Ao unir esses dois mandamentos, e ao afirmar que deles “depende” toda a Lei e os Profetas, Jesus nos mostra qual é a base sobre a qual alguém pode colocar em prática a vontade Deus expressas nas Escrituras: o amor. De nada adiantaria praticar atos de devoção com relação a Deus, ou ainda distribuir meus bens aos pobres, se na base de tudo isso não existisse um amor sincero. Um eco dessa palavra de Jesus pode ser sentido em 1Cor 13, no hino à caridade, onde o apóstolo Paulo fala explicitamente que o fundamento, a base de tudo é o amor. João também afirma, na sua primeira carta, que é impossível amar a Deus sem amar, também, o irmão: “Se alguém disser: ‘Amo a Deus’, mas odeia o seu irmão, é um mentiroso: pois quem não ama seu irmão, a quem vê, a Deus, a quem não vê, não poderá amar” (1Jo 4,20).
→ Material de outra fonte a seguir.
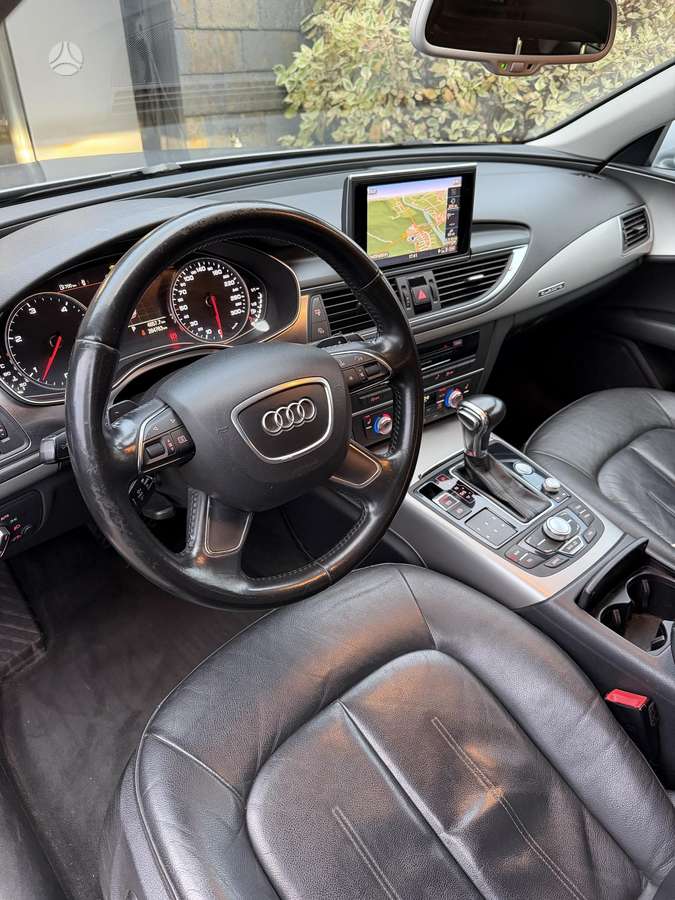 Audi A7, 3.0 l., Хэтчбек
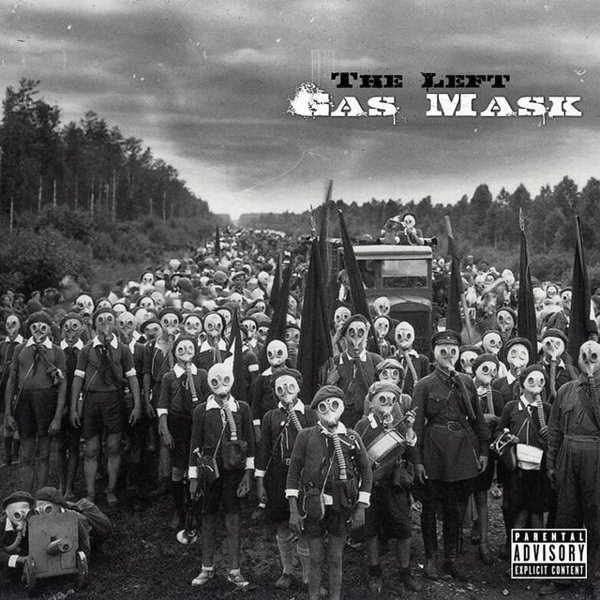 Gas Mask cover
Que neste domingo esse possa ser principal pedido a Deus: amá-lo de todo o nosso coração e ao próximo como a nós mesmos. Deus, que sempre ouve o clamor do pobre, ouvirá também o clamor que brota da pobreza de nossa condição pecadora. Ele sabe o quanto somos fechados em nosso egoísmo, o quanto nossa visão de Deus é limitada e deturpada, o quanto nos preocupamos somente com nossas necessidades imediatas sem olhar o necessitado que está ao nosso lado. Se clamarmos a Ele, Ele virá em nosso auxílio, nos libertando de nós mesmos, de nossa visão limitada, de nosso egoísmo que nos adoece, a fim de que nos lancemos em direção a Ele e, a partir d’Ele, em direção a todo aquele que precisa de nosso auxílio. Assim, estaremos vivendo em plenitude a Lei, a Palavra do Senhor.